Genome has a high mutation rate
Viruses do not grow in cell culture, and only infect humans and chimpanzees

Clinical Features

The incubation period is 15-150 days. Most common presenting symptoms are fatigue and jaundice, but 60-70% of cases are asymptomatic. It is the cause of 15-20 % of acute hepatitis in the developed world. Of note, 80% of newly infected individuals develop chronic infection..

Complications of chronic infection

  • About 70% of those infected go on to develop a chronic infection.
  • Cirrhosis develops in 10-20% of chronic infections. Co-existence of other liver pathology increases the severity of HCV induced liver disease.
  • Hepatocellular carcinoma (HCC) develops in 1-5% of HCV-infected people, and HCV is responsible for about 25% of HCC cases.
  • Immune complex disorders common in HCV carriers
  • Co-infection with HIV is associated with more aggressive liver disease.
  • Extra-hepatic manifestations include unproven associations with cryoglobulinaemia, diabetes mellitus, and B-cell lymphoma..


Approximately 170 million people are infected world wide.

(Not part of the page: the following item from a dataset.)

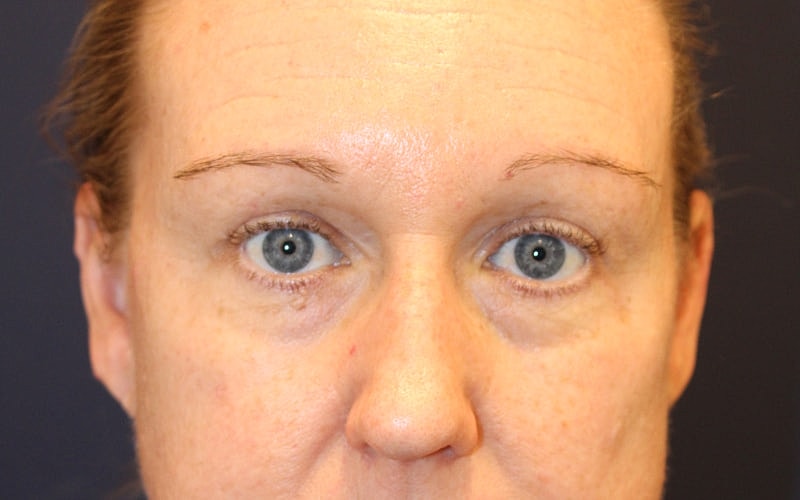 Blephroplasty Gallery Before & After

The prevalence is high in parts of Africa, the Eastern Mediterranean and South East Asia.

Transmission - similar to HBV

Intravenous drug abusers
Prior to the development of reliable labotatory tests for HCV, blood transfusions, blood products, organ donations were important transmission events
Community acquired: mechanism unclear
Vertical transmission and sexual intercourse play a minor role
Increased infectivity in patients co-infected with HIV.


1) Serology
HCV-specific IgG - indicates exposure, not infectivity; Useful for detecting chronic infections, but is inadequate for detecting acute infection because it takes 2-3 months to become positive. .
2) PCR detects viral genome in patient's serum. The HCV genome is detectable in serum from 4-6 weeks post exposure (during acute infection). Indicates infectivity.

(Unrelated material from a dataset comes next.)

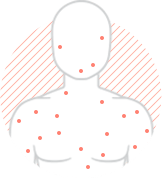 shingles chickenpox image shingles chickenpox image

Treatment of Chronic infection: Interferon a in combination with Ribavirin results in clearance of infection in up to 40% of cases. Pegylated interferon a is interferon that has had polyethylene glycol attached to it. This increases the half life, which leads to fewer side effects due to a lower dose being used.

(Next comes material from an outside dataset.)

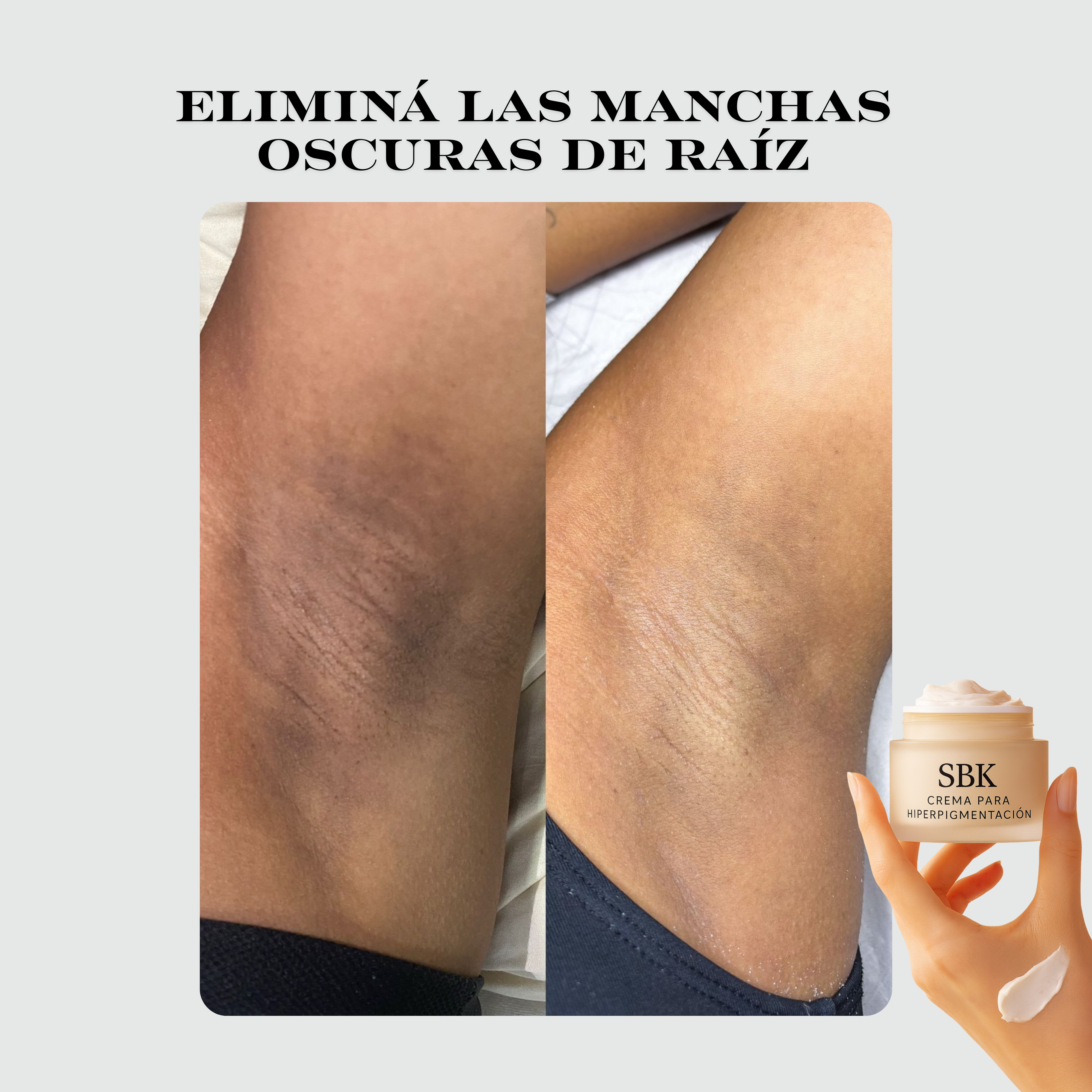 SBK Crema Despigmentante 🌸 elimina manchas y unifica el tono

There is no vaccine available

Hepatitis D Virus (delta agent)

In 1977 an novel protein was discovered in the serum of some patients who were infected with Hepatitis B. It was named the delta antigen. Subsequent investigation showed that the protein was encoded by a new virus, now called the hepatitis D virus (HDV).
It is a defective virus which requires Hepatitis B as a helper virus in order to replicate. Infection therefore only occurs in patients who are already infected with Hepatitis B.

Clinical Features

Two forms of infection can occur - co-infection, where the person becomes infected with HDV and HBV at the same time, and superinfection, where the person becomes infected with HDV after the initial HBV infection. HDV leads to increased severity of liver disease in Hepatitis B carriers, and the acute infection has an incubation period of about 35 days. Fulminant hepatitis is ten times more common when a patient is co-infected with both viruses (HBV and HDV) simultaneously. With only HBV, 20-30% go on to develop cirrhosis, while that figure rises to 70-80% with co-infection and superinfection.


Order: none
Family: none
Genus: Deltavirus
Species: Hepatitis delta virus
Structure: 36 nm in diameter, encapsulated with sAg derived from HBV
Genome: circular -ssRNA (negative sense, single stranded RNA), 1700 nucleotides in length
The genome is the smallest genome of any virus known to infect humans.
Genome encodes only one protein, namely the delta antigen.


First identified in intra-venous drug abusers in Italy. Has since been shown to be present in other parts of Europe as well as parts of North and South America. The incidence in South Africa is unknown.

Treatment and prevention

No specific treatment is available. HDV infection may be controlled by preventing HBV surface antigen production, but this may not always be possible even with complete suppression of HBV replication.
HDV infection can be prevented by preventing infection with HBV, for which there is a successful vaccine available.